→ **Problem details**
Repeat exactly the lines of the records below, starting at the line containing "Palm tree ocean" and ending at the line containing "Veg Indian Cooking". Leave the pictures out.

→ **Entries provided**
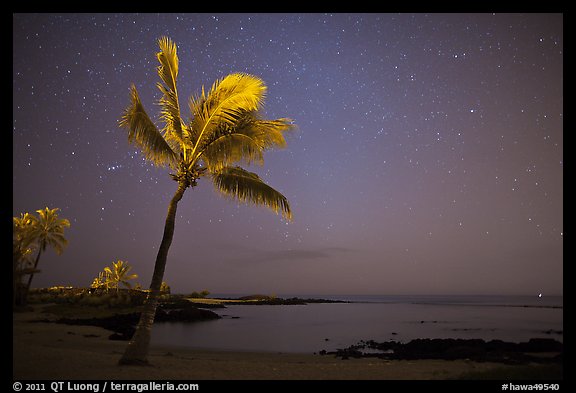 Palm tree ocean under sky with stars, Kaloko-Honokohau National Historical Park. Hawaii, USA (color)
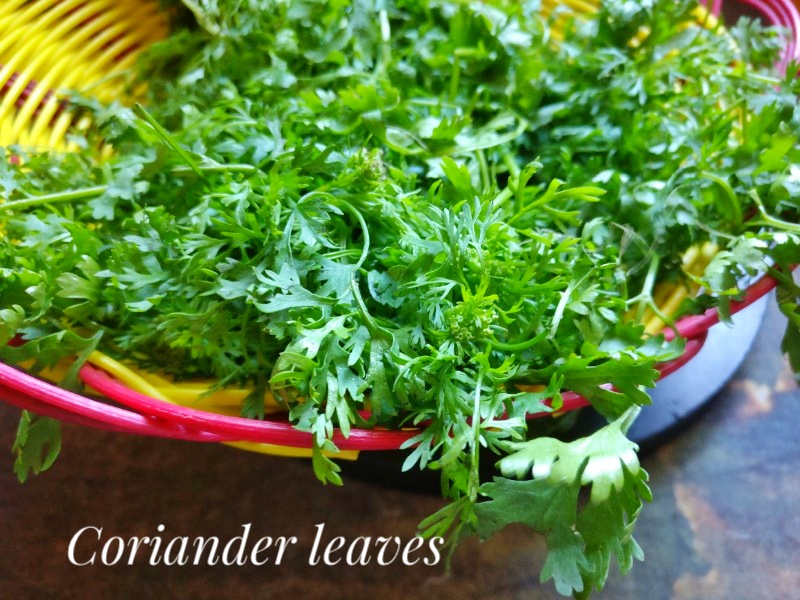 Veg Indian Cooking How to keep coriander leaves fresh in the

---

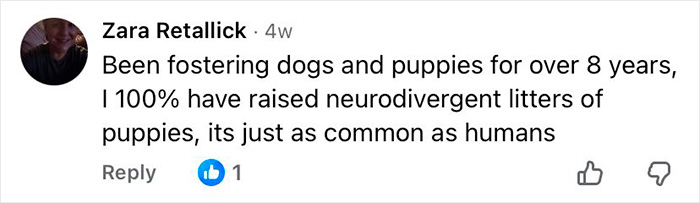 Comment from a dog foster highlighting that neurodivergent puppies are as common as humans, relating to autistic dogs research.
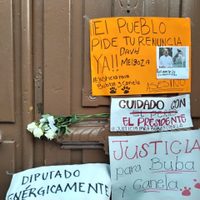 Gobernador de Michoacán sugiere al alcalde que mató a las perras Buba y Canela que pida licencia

→ **Output below**
 Palm tree ocean under sky with stars, Kaloko-Honokohau National Historical Park. Hawaii, USA (color)
 Veg Indian Cooking How to keep coriander leaves fresh in the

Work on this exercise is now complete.